At Osage University Partners, we have felt a substantial uptick in the interest level of strategic VCs in university startups.  Over the last 18 months we have completed 5 life science investments alongside strategic investors.  Below is a chart outlining investments we made alongside strategic VCs, other VCs that participated, and stage of development at the time of our initial investment. 

With strategic investment activity moving at a frenetic pace, it might make sense to stand back for a second and think about what this all means for entrepreneurs, startups, and VCs.

Company benefits: Having a strategic invest in a startup sends a strong validation signal to the market and other potential investors.  Strategics typically focus their diligence efforts on two key areas, the underlying science and intellectual property.  While a VC might only hire a handful of consultants to look under the hood of the science, a strategic can leverage entire R&D groups with deep domain expertise to vet the science.  With regards to intellectual property work, strategics typically have in-house counsel which can provide the startup with “free” pointers on where to shore up the intellectual property.  Scientific and IP consulting work typically costs VCs and the company tens of thousands of dollars, so having it done gratis is a big advantage.
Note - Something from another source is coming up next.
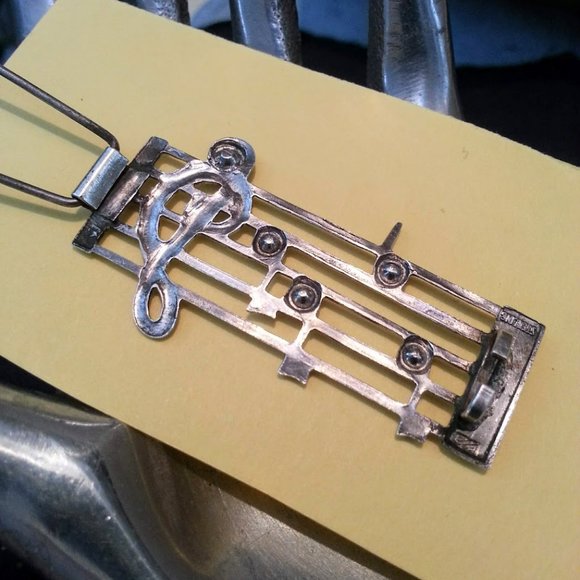 Antique Sterling Pearl Music Notes Treble Clef Barrette 2\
Working with VCs:  For now, it appears as though strategics are more than willing to work with VCs, and view their activity largely as a hedge against a shrinking VC market.  Strategics are negotiating investor and company-friendly deal terms to ensure that they are a welcomed member of the investor syndicate. 

Potential risks:  Investing alongside strategics does come with its risks.  As Mike Carusi of Advanced Technology Ventures noted, having strategics involved in company activities enables them “to see how the sausage is made”.  It is rare that a startup will execute directly on plan, so there is some risk that the strategics will see company missteps that might give them pause when thinking about acquiring the company down the road. 

If the strategic investor does not choose to acquire the company, there is a chance that other potential bidders might get spooked.  To provide some downside protection against such situations and promote an active auction process, VCs have worked hard to create deal structures where the strategic investments come with no strings attached (no Right of First Negotiation, Right of First Refusal, distribution rights, etc).  In the end, with so many strategics investing in life science companies right now, such risks are probably not as large as some might be let to believe.

The medtech world is clearly going through a transition period.  While there have been a number of recent splashy exits by Ardian, CoreValve, and others, the overall number of exits in the medtech space has decreased substantially.  Regulatory burdens have put a damper on sector enthusiasm, and many sector analysts estimate that there will only be 10 PMA approvals in 2011.  Big ideas that can provide serious revenue generation for strategics will continue to be acquired, but build-to-flip and PMA products that address modestly sized markets might struggle to attract capital.  Strategics could fill the funding the gap, but even they have limits to their checkbooks.